Mechanistic Understanding of ML/AI Systems Through Interdisciplinary Scientific Applications
Date
Authors
Journal Title
Journal ISSN
Volume Title
Publisher
Abstract
Modern artificial intelligence (AI) systems have achieved remarkable success across various scientific domains. However, fundamental questions remain about how these systems learn, make decisions, and generalize across different applications. This dissertation addresses these questions by systematically analyzing and improving AI systems through applications in physics, chemistry, and healthcare, demonstrating how mechanistic understanding can enhance practical performance.
First, we develop a unifying framework for understanding convolutional neural networks (CNNs) in quantum physics applications. We show how CNNs efficiently approximate quantum wavefunctions in exponentially large Hilbert spaces using only linearly many parameters by connecting them to maximum entropy models and correlator product states. This analysis reveals how CNNs leverage quantum system symmetries and entanglement properties, leading to a new training algorithm that significantly reduces convergence time or number of parameters while maintaining accuracy. This work establishes a bridge between physics and machine learning, providing a template for analyzing other neural architectures and suggesting when they might succeed or fail in solving certain physics problems.
Second, we develop a series of machine learning approaches for chemical spectroscopy analysis. The Characteristic Peak Extraction algorithm improves accuracy for identifying chemical components in complex mixtures, while our Characteristic Peak Similarity metric enables accurate matching between different types of spectroscopic measurements. These tools are being actively tested to detect harmful chemicals in environmental samples and human organs, including polycyclic aromatic hydrocarbons in soil and placenta samples. This work creates more accessible and efficient tools for environmental monitoring, addressing a longstanding challenge in the field of analytical chemistry where traditional chemical spectroscopy methods require extensive laboratory facilities, expert knowledge, and time-consuming analysis procedures.
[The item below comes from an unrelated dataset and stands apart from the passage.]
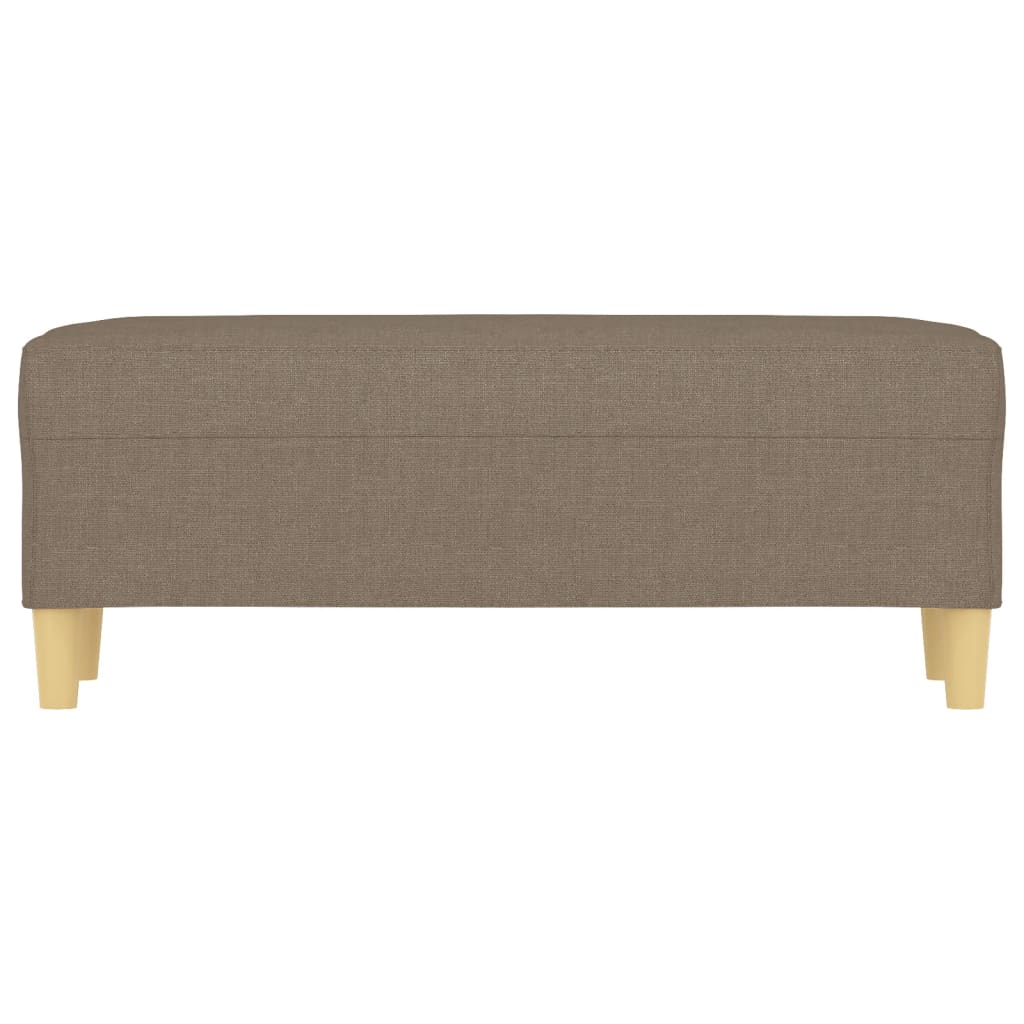 Πάγκος Taupe 100x35x41 εκ. Υφασμάτινος - Pakobazaar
Finally, we advance medical diagnostics by creating interpretable deep learning models for ECG analysis that achieves high accuracy in detecting junctional ectopic tachycardia. Through explainable AI techniques, we systematically analyze how these networks make decisions by identifying key ECG features that align with clinical expertise, categorizing error patterns, and conducting root cause analysis of misclassifications. This mechanistic understanding not only validates the model's reasoning against clinical expertise but also provides insights for model improvement and clinical deployment. Beyond the immediate clinical impact, this contribution provides a framework for developing trustworthy AI systems in healthcare, where understanding decision-making processes is crucial for clinical adoption.
Together, these contributions advance our understanding of AI systems while demonstrating their practical impact across multiple scientific disciplines. The frameworks and methodologies developed in this thesis provide a foundation for building more interpretable, efficient, and reliable AI systems.